*Problem details*: Skip the pictures. Copy all the rest of the records down exactly.

Records shown Block Start

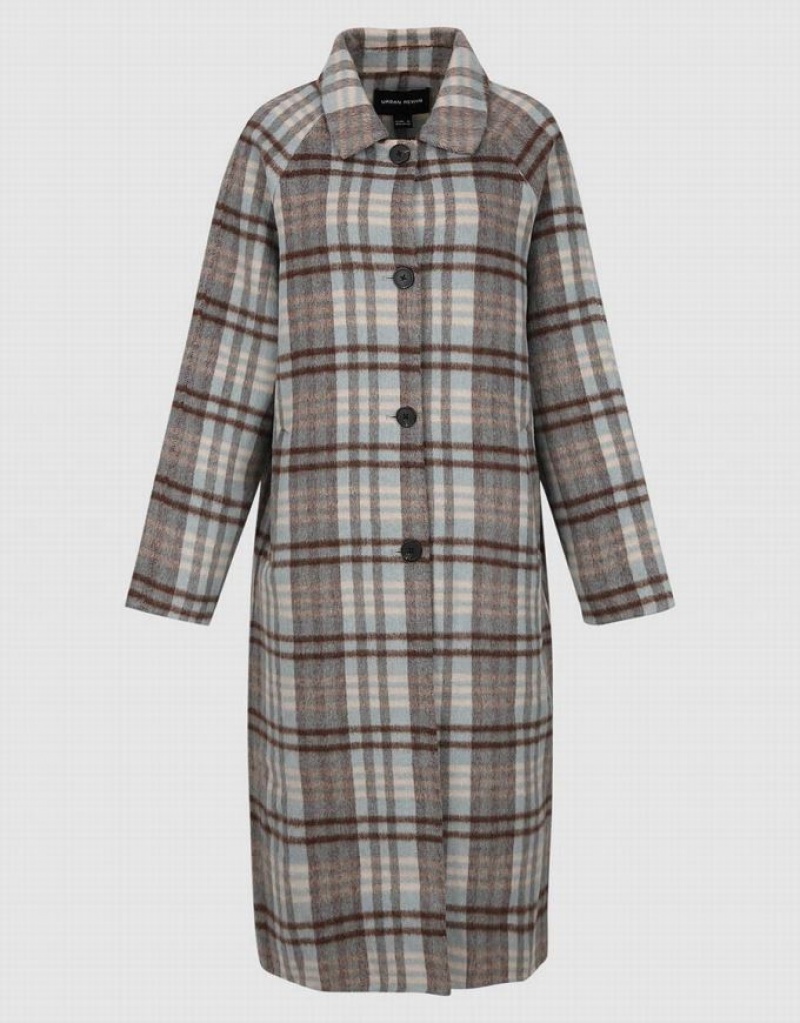 Blue Urban Revivo Plaid Straight Women's Coats | PGKDQH-708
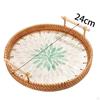 Rattan Serviertablett Nachmittagstee Tabletts Schminktischplatte Multifunktional Obst Dessert Kuchen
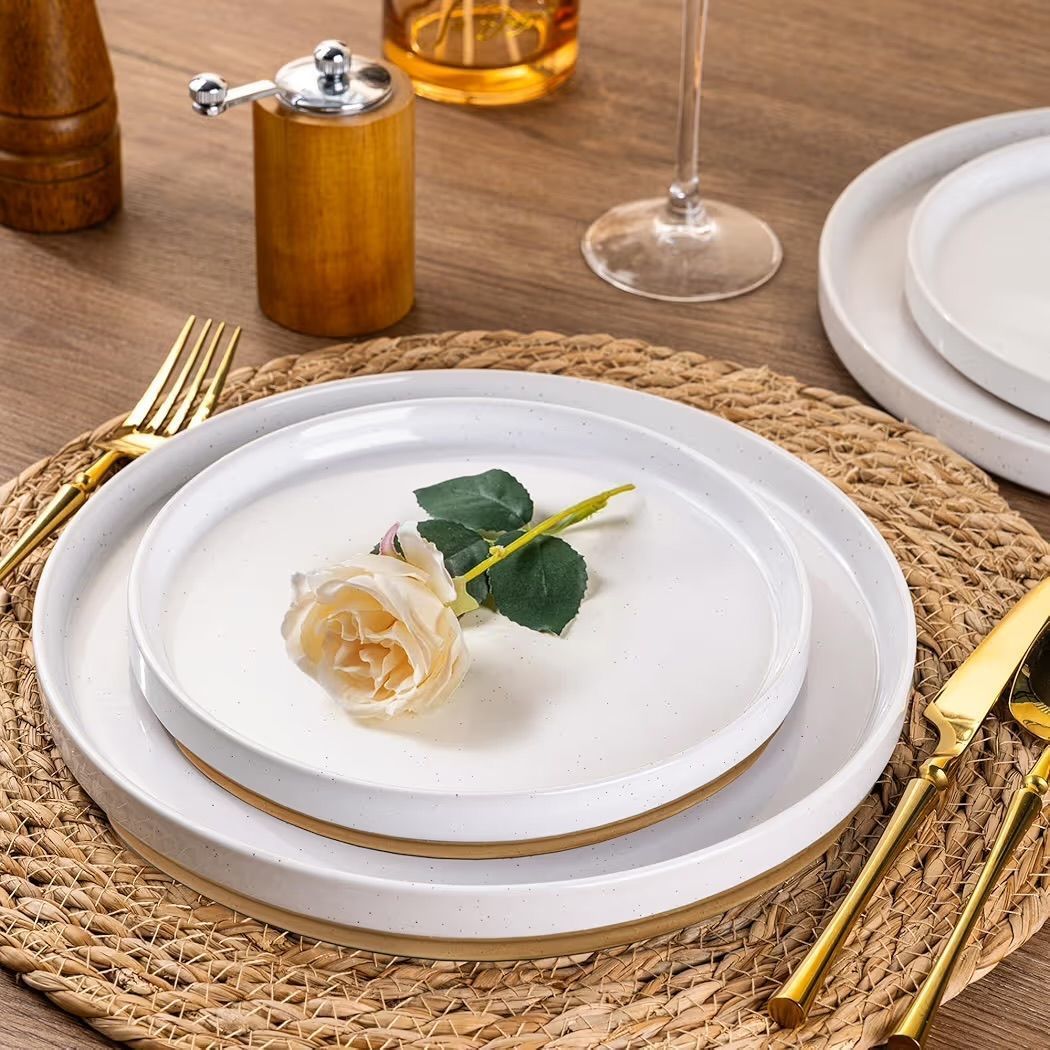 AmorArc Ceramic Dinnerware 12pc Set  | Speckled Stoneware Plates and Bowls with unglazed terracotta | Scratch Resistant, Dishwasher & Microwave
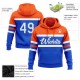 Custom Stitched Thunder Blue White-Orange Line Sports Pullover Sweatshirt Hoodie Custom Stitched Thunder Blue White-Orange Line Sports Pullover Sweatshirt Hoodie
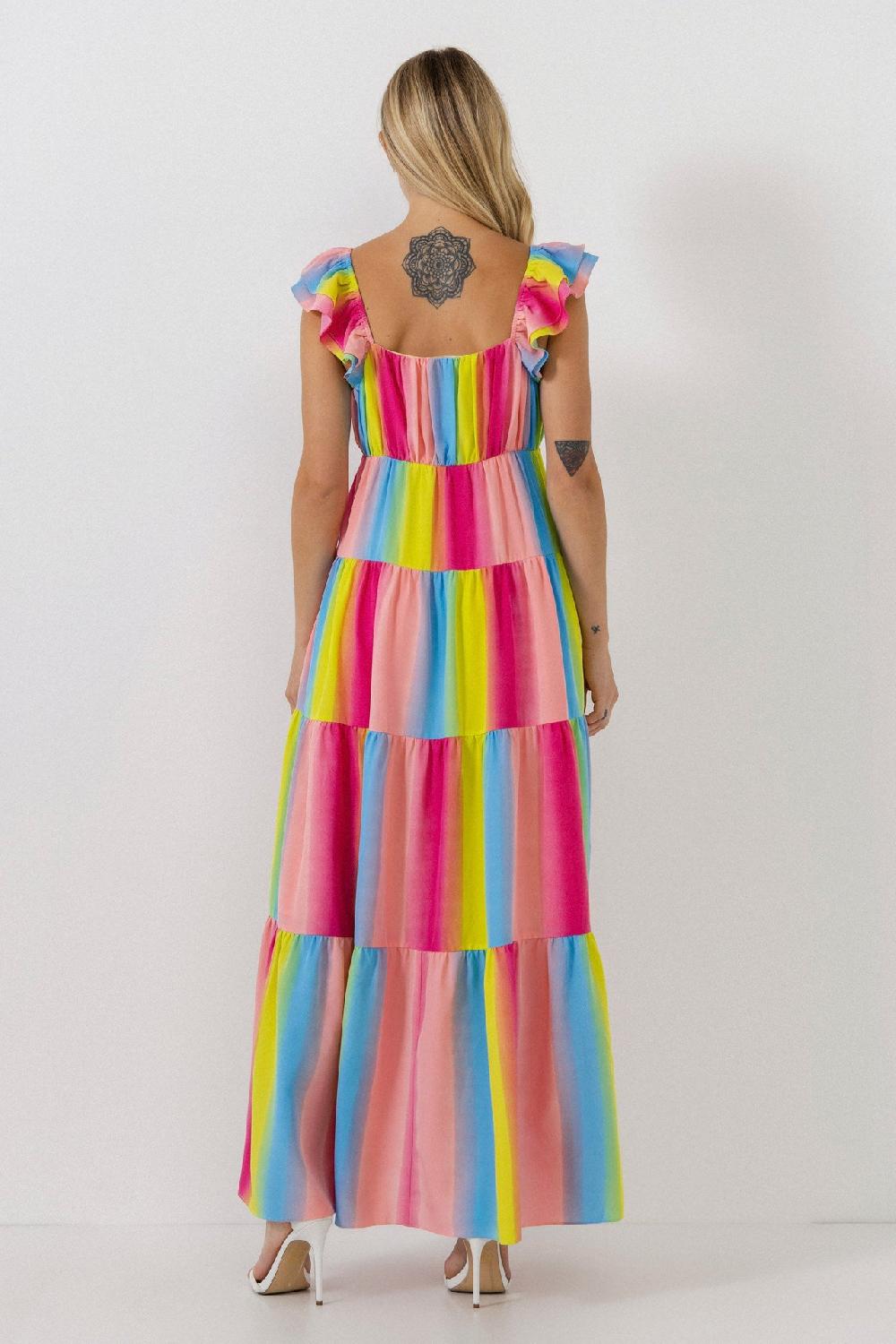 Endless Rose Ombre Stripe Maxi Dress MULTI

Records shown Block End

*Answer*:
 Blue Urban Revivo Plaid Straight Women's Coats | PGKDQH-708
 Rattan Serviertablett Nachmittagstee Tabletts Schminktischplatte Multifunktional Obst Dessert Kuchen
 AmorArc Ceramic Dinnerware 12pc Set  | Speckled Stoneware Plates and Bowls with unglazed terracotta | Scratch Resistant, Dishwasher & Microwave
 Custom Stitched Thunder Blue White-Orange Line Sports Pullover Sweatshirt Hoodie Custom Stitched Thunder Blue White-Orange Line Sports Pullover Sweatshirt Hoodie
 Endless Rose Ombre Stripe Maxi Dress MULTI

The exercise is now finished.